There is a big editorial promotional party planned at a famous London media club next week for a new collection of short stories about, basically, fat people. With infinite subtlety I am sent out to buy Hershey’s Kisses at Selfridges and Whittard’s hot chocolate to give to bookshop sales reps along with a copy of the book. On my way out L says he’ll need me in the post room for “about a half hour” later. Nod and go out. Find Whittards for the hot choc but get lost trying to find Selfridges, which I’ve never been to in my life. Feel stupid and irritated; I’m a Londoner all right but this isn’t a London I either know or care about. Too embarrassed to go back and ask how to get there, I call in to see my dad who works in the West End, who gives me directions. Jump on a Routemaster to Marble Arch without being asked for a ticket. When I finally arrive, I can’t find the food hall.

Get back to the office having spent an hour and a half on my “fat mission”. L sees me and moans about my disappearance. I am also expecting to be torn off a strip by B for being so long but she’s disappeared and M instantly gives me about 10 jobs to do in the space of as many seconds, giving the instructions for each in machine-gun fashion. Usefully one job involves sitting down and typing, so I do that while drinking a cup of coffee with no sugar and chewing a stale Danish. L appears and tries to haul me out to help him. M tries to keep me there as she needs me “desperately”. “I only want him for five minutes,” says L. I go out after him. He takes me upstairs and says something unintelligible while pointing vaguely to piles of boxes. A tall bloke called J appears.
J: “What are you doing, L?”
L: “Nothing, man, don’t worry.”
J: “No, tell me what’s going on.”
I’m thinking J is defending me from being given crap jobs to do by L, but it’s not that at all. The boxes are J’s contracts and he wants to know what L is doing with them. L ignores him. I follow L. L is halfway down stairs. J is behind me shouting after L.
L: “Look, J, it’s nothing to do with you, okay?”
J: “For fuck’s sake!”
L then proceeds to defend himself to me as we walk away. I still have no idea what this is all about. It all seems very superficial and pointless. Get to the reception desk and L asks me to put four big boxes of books onto the trolley. While I do this he stands there and relates the whole “argument” between him and J to the receptionist.
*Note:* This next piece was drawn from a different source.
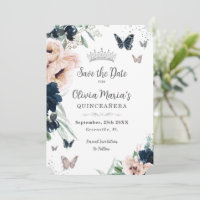 Marinho Blush Floral Silver Butterflies Quinceañer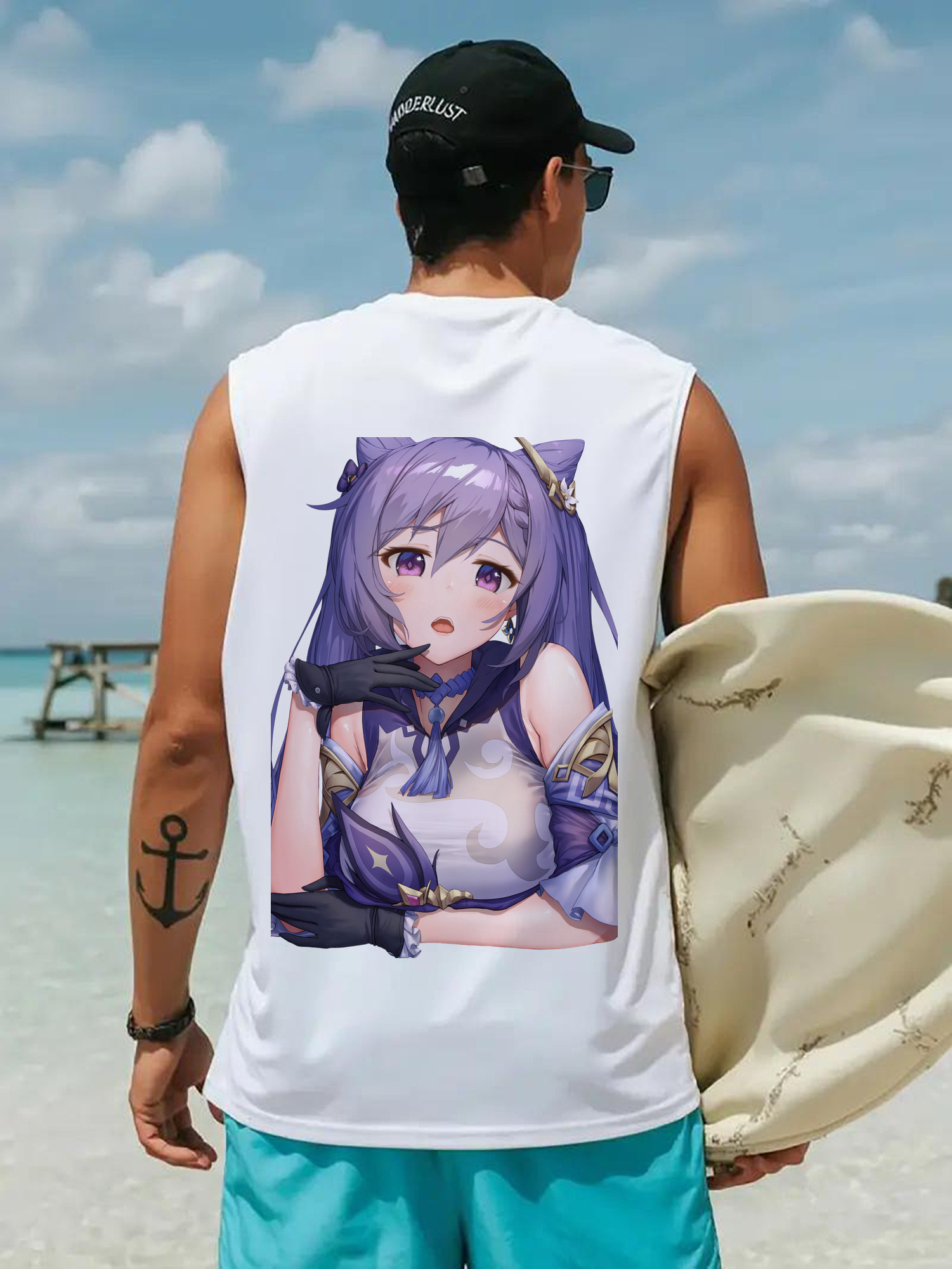 げんし神 刻晴 こくせい genshin Kokusei コットン100％タンクトップ（背面プリント）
I also help take some freestanding radiators to a couple of floors. There are three men in suits in the sales department. One of them looks at a radiator and says “What’s this – are people cold in here?”

I get back from running around to find M and another assistant editor leafing through Hello! magazine at M’s desk, and a huge MS on my desk requesting two copies. Hmm, so sorry to take up your precious time, girls.

In the afternoon I’m in the post room again. L always has music on down here; today 50 Cent is singing “I smell pussy, I smell pussy” while I photocopy publicity clippings for a famous literary author.

At the end of the day the editor who stole my biscuits says “Thanks for your help today” and I feel much better. Change my mind about quitting work experience early.


Manage to get into work on time, get the right number of bottles of milk, cups and glasses, fill the coffee percolator without dripping water into the four-way adaptor behind and even voluntarily replenish all the women’s water bottles. Whether it’s because it’s Friday or what I don’t know but everyone is looking and sounding very friendly today.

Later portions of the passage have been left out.